╭─ Records
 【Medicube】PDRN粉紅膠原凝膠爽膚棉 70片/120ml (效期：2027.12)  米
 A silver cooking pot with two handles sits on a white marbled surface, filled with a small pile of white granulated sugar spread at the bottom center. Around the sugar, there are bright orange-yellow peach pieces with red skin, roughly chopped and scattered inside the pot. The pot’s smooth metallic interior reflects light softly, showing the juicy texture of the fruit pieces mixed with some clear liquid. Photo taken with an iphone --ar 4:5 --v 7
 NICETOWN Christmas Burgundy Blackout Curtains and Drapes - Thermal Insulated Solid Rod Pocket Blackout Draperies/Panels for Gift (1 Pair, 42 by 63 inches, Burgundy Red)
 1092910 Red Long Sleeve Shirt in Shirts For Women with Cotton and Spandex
╰─
╭─ Records
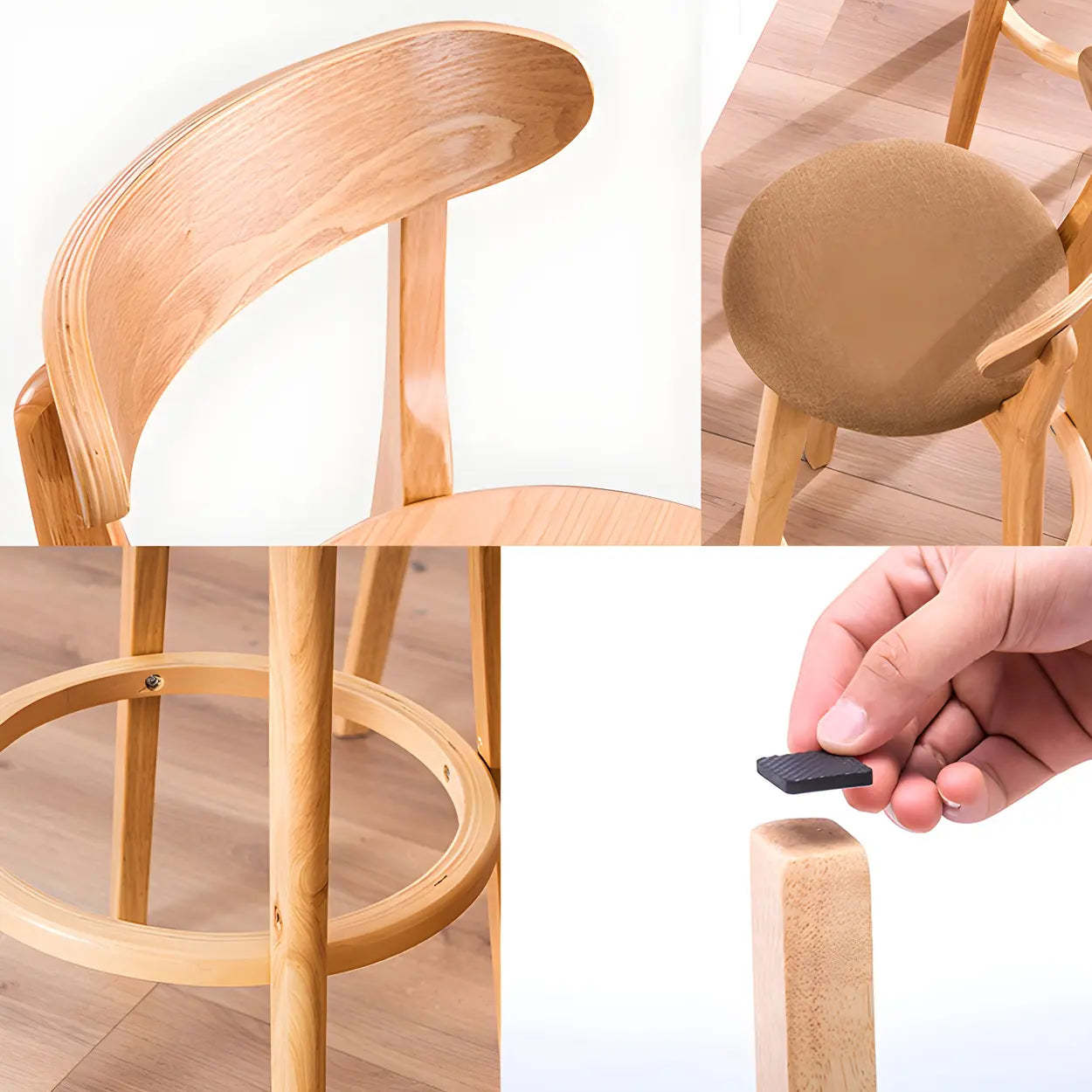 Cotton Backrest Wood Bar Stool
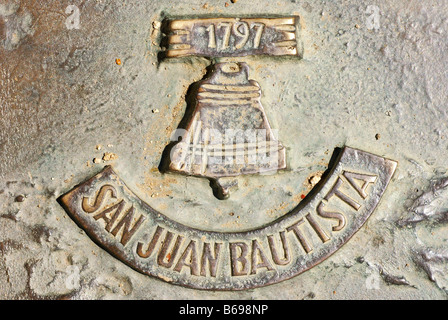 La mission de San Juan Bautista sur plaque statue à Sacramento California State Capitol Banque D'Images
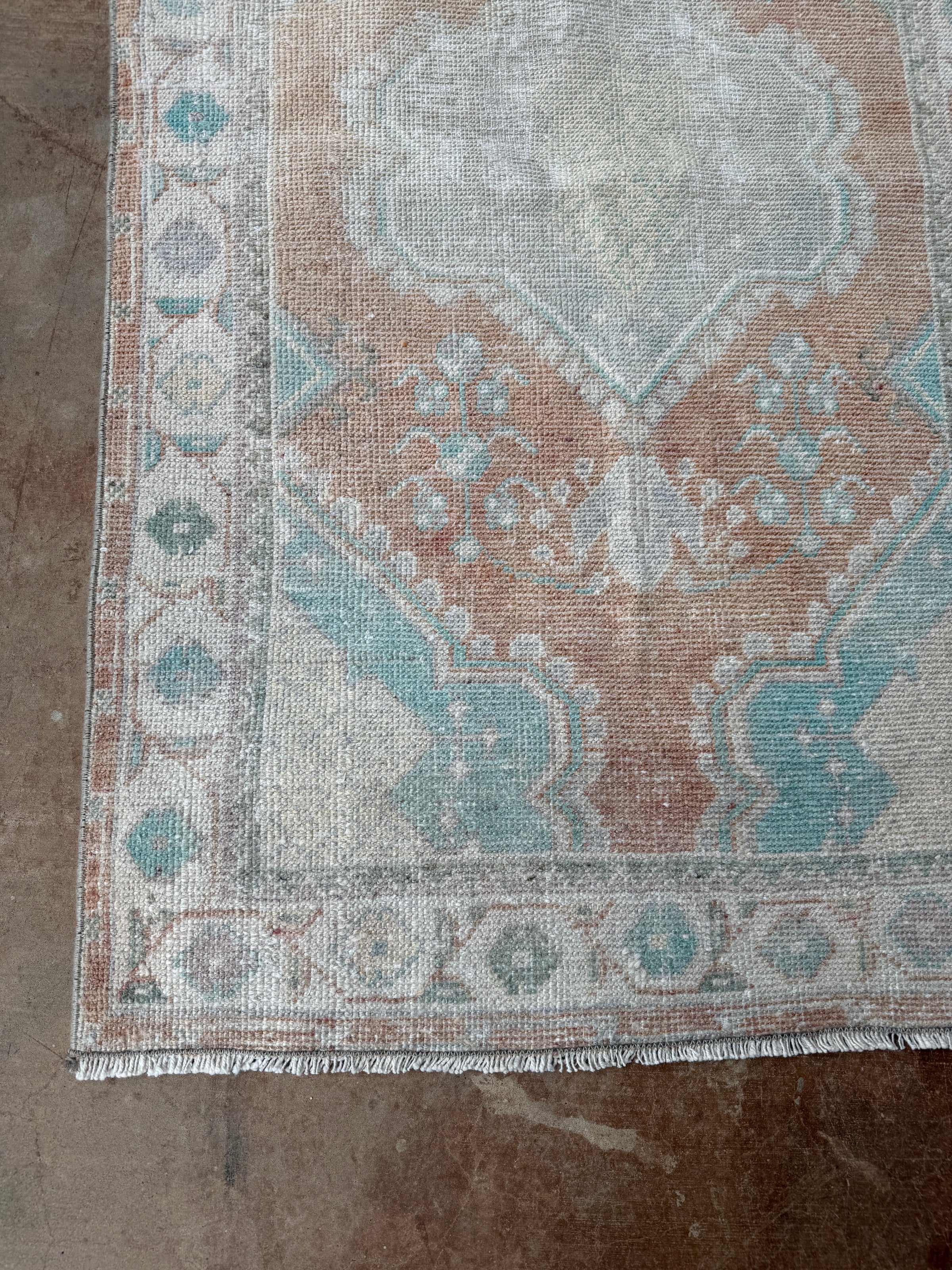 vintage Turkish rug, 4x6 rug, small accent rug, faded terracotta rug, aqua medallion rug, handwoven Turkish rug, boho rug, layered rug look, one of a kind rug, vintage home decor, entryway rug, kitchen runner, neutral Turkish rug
╰─
╭─ Records
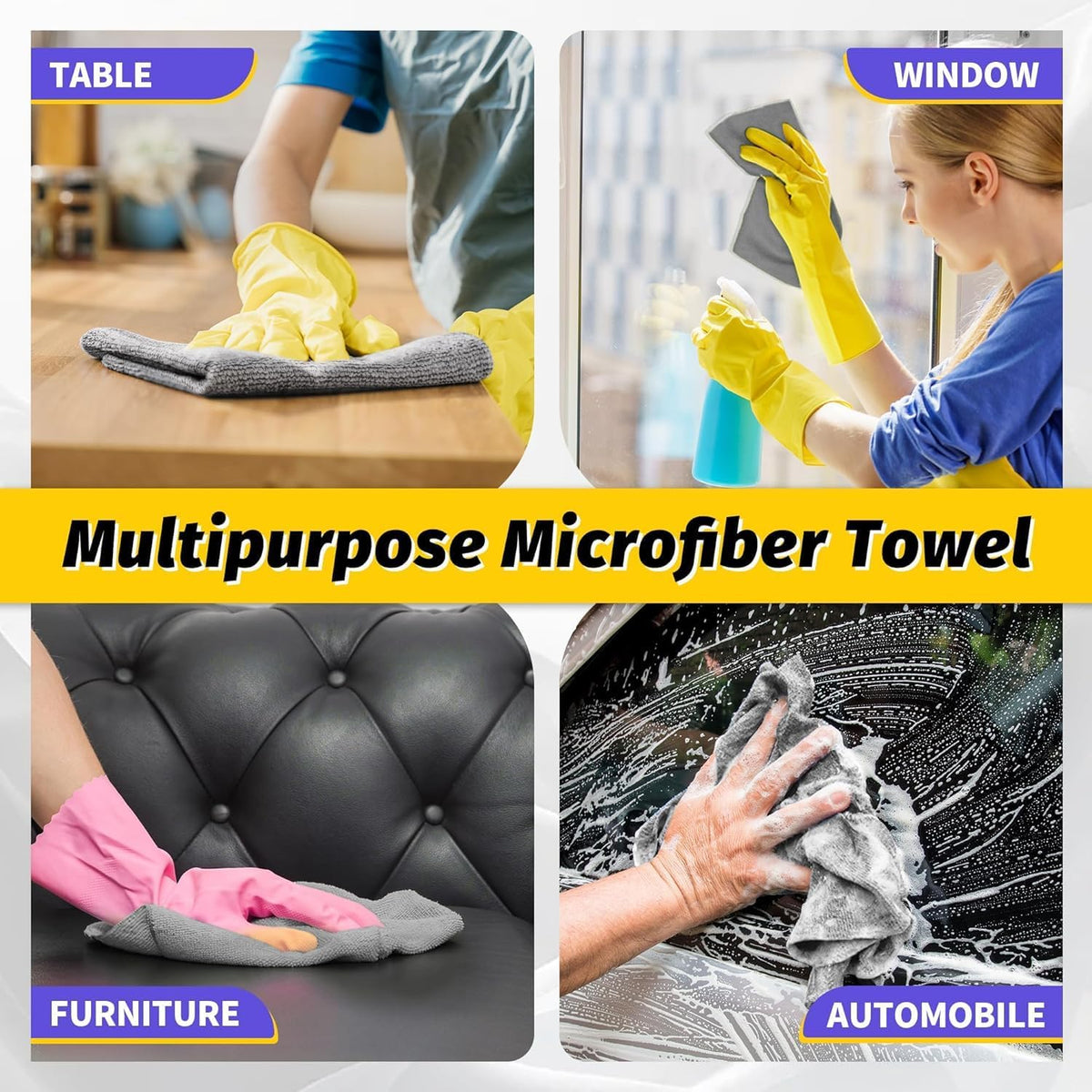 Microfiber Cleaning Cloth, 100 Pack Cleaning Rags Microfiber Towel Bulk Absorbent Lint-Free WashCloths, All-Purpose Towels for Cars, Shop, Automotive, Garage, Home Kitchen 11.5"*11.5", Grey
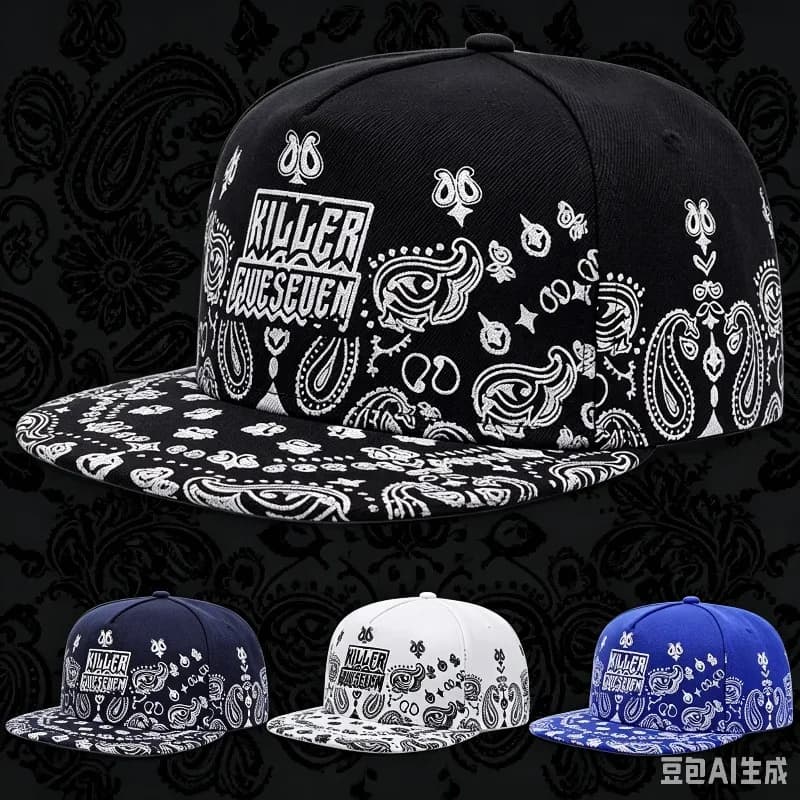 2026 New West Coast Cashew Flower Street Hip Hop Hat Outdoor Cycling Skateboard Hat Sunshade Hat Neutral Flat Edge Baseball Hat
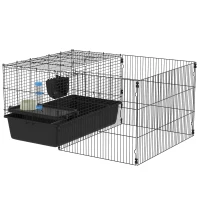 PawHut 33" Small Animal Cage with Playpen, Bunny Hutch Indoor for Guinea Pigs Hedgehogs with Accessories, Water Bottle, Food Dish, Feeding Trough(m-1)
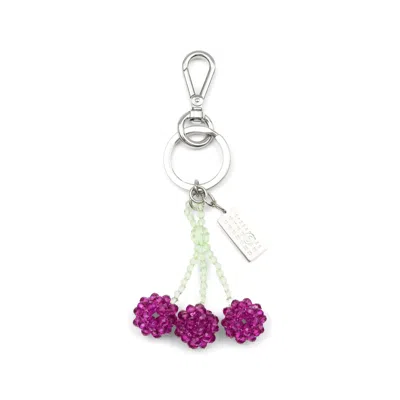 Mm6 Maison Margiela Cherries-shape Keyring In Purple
╰─
Output exactly the lines of the listing above that start with the one holding "Dish, Feeding Trough(m-1)" and go on through the one holding "Mm6 Maison Margiela"; leave the pictures out.

### Exercise answer
 PawHut 33" Small Animal Cage with Playpen, Bunny Hutch Indoor for Guinea Pigs Hedgehogs with Accessories, Water Bottle, Food Dish, Feeding Trough(m-1)
 Mm6 Maison Margiela Cherries-shape Keyring In Purple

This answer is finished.